The field-installable optical connector of claim 1, wherein the ferrule holder is integrally formed with the first plate.

[Claim 3]

The field-installable optical connector of claim 1, wherein a fourth insertion groove for inserting a coated main wire between the first insertion groove and the second insertion groove is provided, the fourth insertion groove having a V-shaped cross section.

[Claim 4]

The field-installable optical connector of claim 1, wherein a plurality of projections having a triangular cross section in a direction perpendicular to a direction that the element wire is inserted is formed inside the second and third insertion grooves.

[Claim 5] The field-installable optical connector of claim 4, wherein at least two point projections are provided on the outer circumference of the main wire connecting member.

[Claim 6] The field-installable optical connector of claim 1 or 5, wherein the main wire connecting member has a taper shape and the connecting member insertion hole of the fixing member has a taper shape corresponding to that of the main wire connecting member.

[Claim 7]

The field-installable optical connector of claim 1, wherein at least one of the first and second plates is formed of a transparent material .

[Claim 8]

The field-installable optical connector of claim 1, wherein a C-shaped clip is connected to a front end of the main wire connecting member. [Claim 9]

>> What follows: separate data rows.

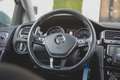 Volkswagen Golf 1.2 TSI AllStar Trekhaak | Pano | Xenon | 19 inch Grijs - thumbnail 36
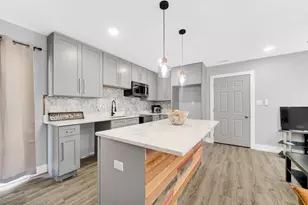 2689 Cass St, Lake Station, IN 46405 - Photo 7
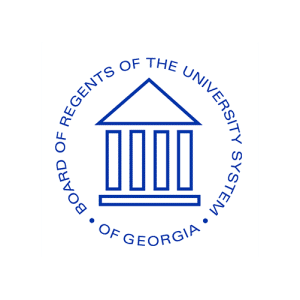 University System of Georgia_BOR_sq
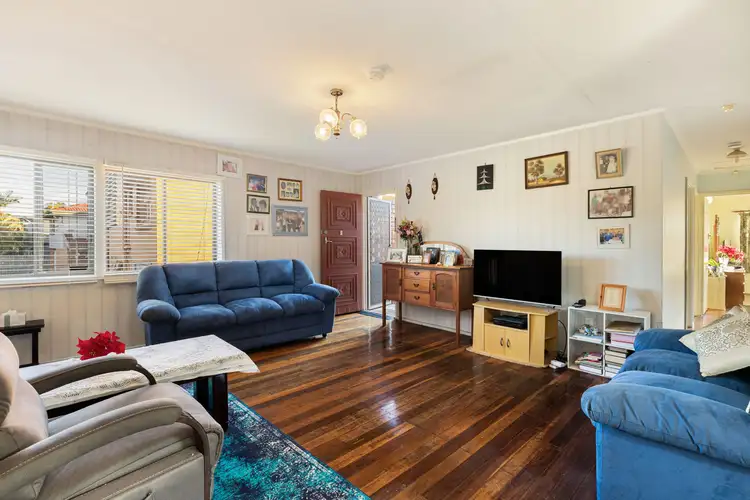 Fifth view of Homely house listing, 10 Kakawan Street, Boondall QLD 4034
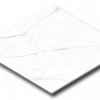 Gạch Tây Ban Nha vân đá marble MUS Canova White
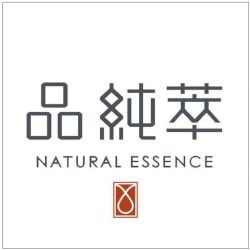 未命名-7-01 未命名-7-01
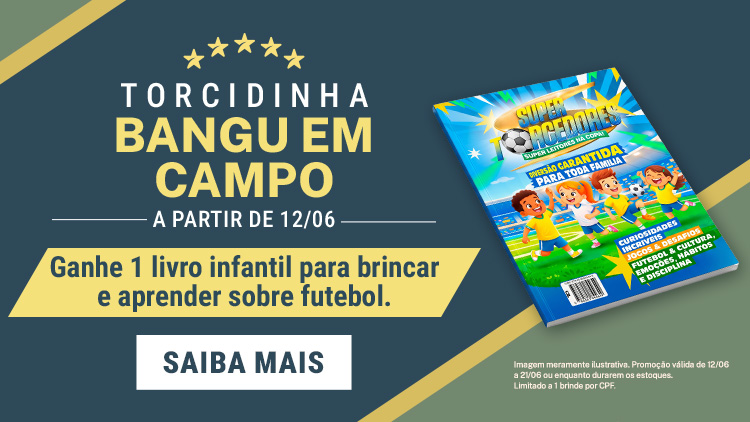 BG_14_26_PROMOCAO PB_CG_LIVRO COPA_MOBILE_750x422px.jpg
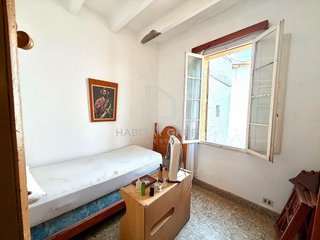Chalet en venta en Ciutadella en Ciutadella de Menorca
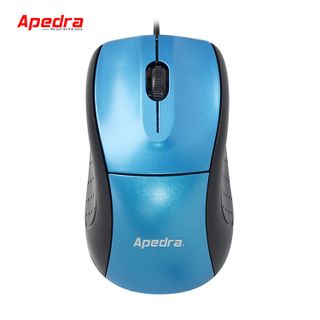 Mouse APEDRA M1 - USB CH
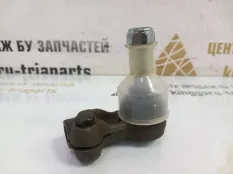 Рулевой наконечник Daewoo Nexia 2008-2016 0324039 N150, левый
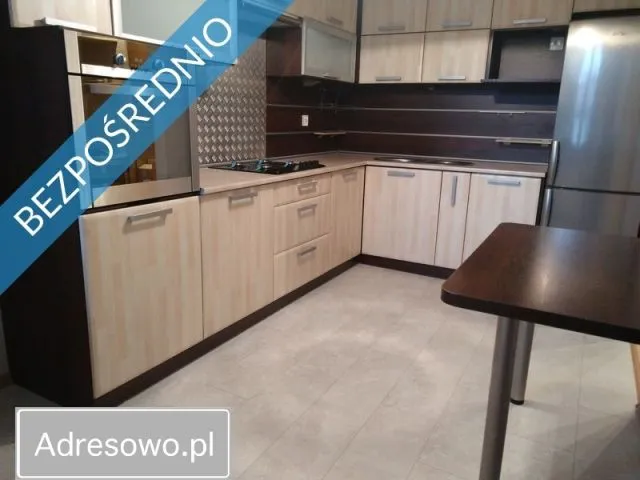 Apartament na sprzedaż za 899000 zł w Henryków, Białołęka, Warszawa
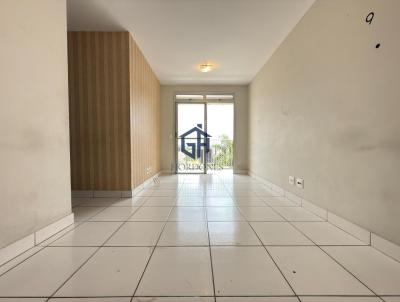 Apartamento para Venda, em , bairro Candelria, 3 dormitrios, 2 banheiros, 1 sute, 1 vaga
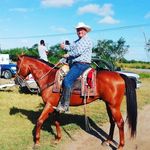 Fabian de Leon - @fabian.deleon.180 - Instagram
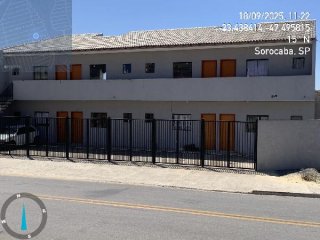 Imagem do imóvel CA35685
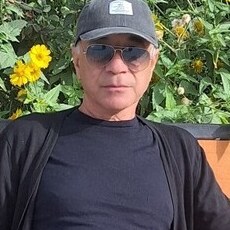 Фотография мужчины Бахтияр, 60 лет из г. Владивосток
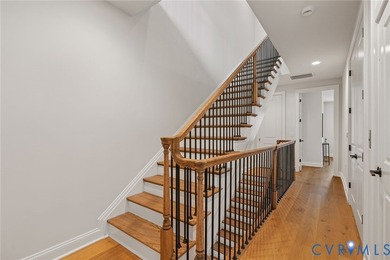 **NEW PRICE!** By far the best value in Greengate! This is your - photo 41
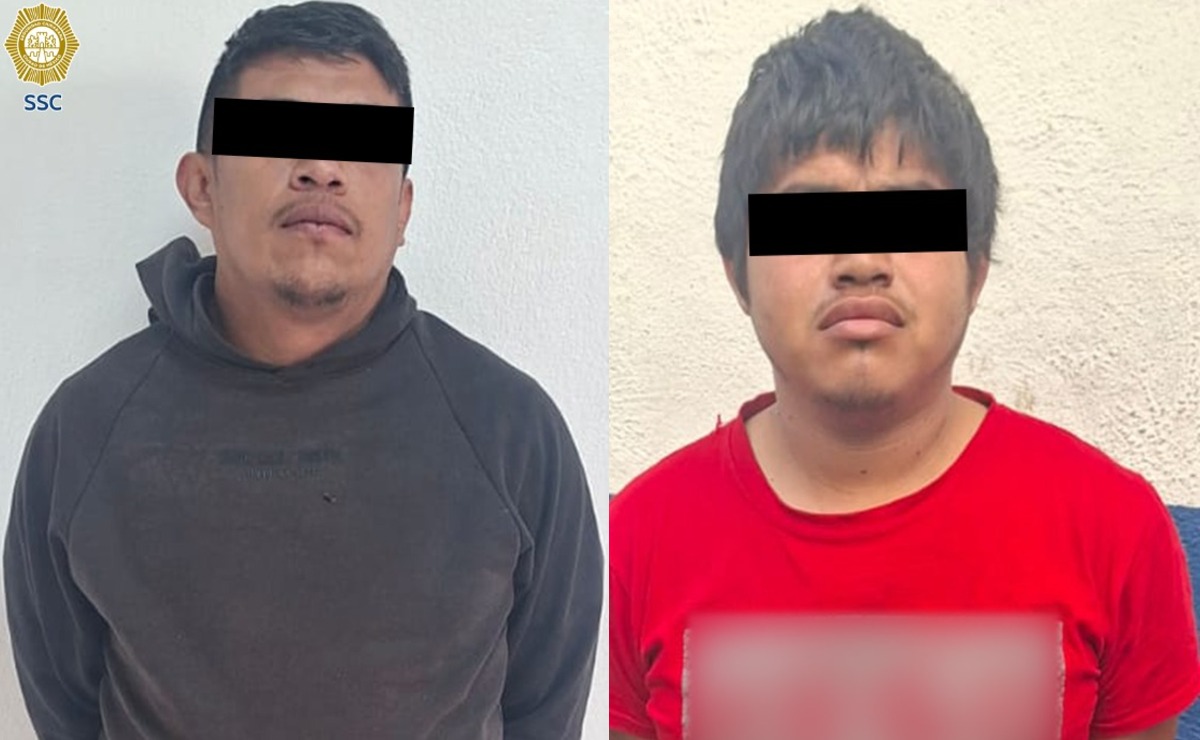 CDMX se pinta de rojo, al menos 8 baleados en menos de 24 horas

The field-installable optical connector of claim 1 or 7, wherein a penetrating hole is formed in a position of the housing and the fixing cap corresponding to the position where the main wire of the ferrule and the main wire of the optical cable are connected.

[Claim lθ]

The field-installable optical connector of claim 1, wherein a window is additionally formed on the protective cover .

[Claim 11]

The field-installable optical connector of claim 1, wherein an indicating groove for indicating connection directions or connection positions of respective elements is formed on the housing and an indicating projection for indicating the connection directions or the connection positions of the respective elements is formed on the upper surface of the fixing cap, the fixing member and the protective cover.

[Claim 12]

A field-installable optical connector in which a main wire of a ferrule and a main wire of an optical cable are connected in an optical alignment state, the field- installable optical connector comprising: a housing; a plug inserted and fixed into the housing; a ferrule to which the main wire of the ferrule is connected; a main wire connecting member including a ferrule holder formed on a front end thereof for connecting the ferrule and a main wire insertion groove for inserting the main wire along the longitudinal direction thereof; a fixing cap elastically supporting the main wire connecting member and fixedly connected to the plug; a fixing member including a connecting member insertion hole, into which the main wire connecting member is detachably inserted, and connected to the fixing cap, the fixing member pressing the main wire connecting member in a direction perpendicular to the longitudinal direction thereof; and a protective cover receiving the fixing member inside thereof and detachably connected to the plug, wherein the main wire connecting member has a taper shape and the connecting member insertion hole of the fixing member has a taper shape corresponding to that of the main wire connecting member. [Claim 13]

The field-installable optical connector of claim 12, wherein at least two point projections are provided on the outer circumference of the main wire connecting member.

[Claim 14]

The field-installable optical connector of claim 12, wherein a penetrating hole is formed in a position of the housing and the fixing cap corresponding to the position where the main wire of the ferrule and the main wire of the optical cable are connected.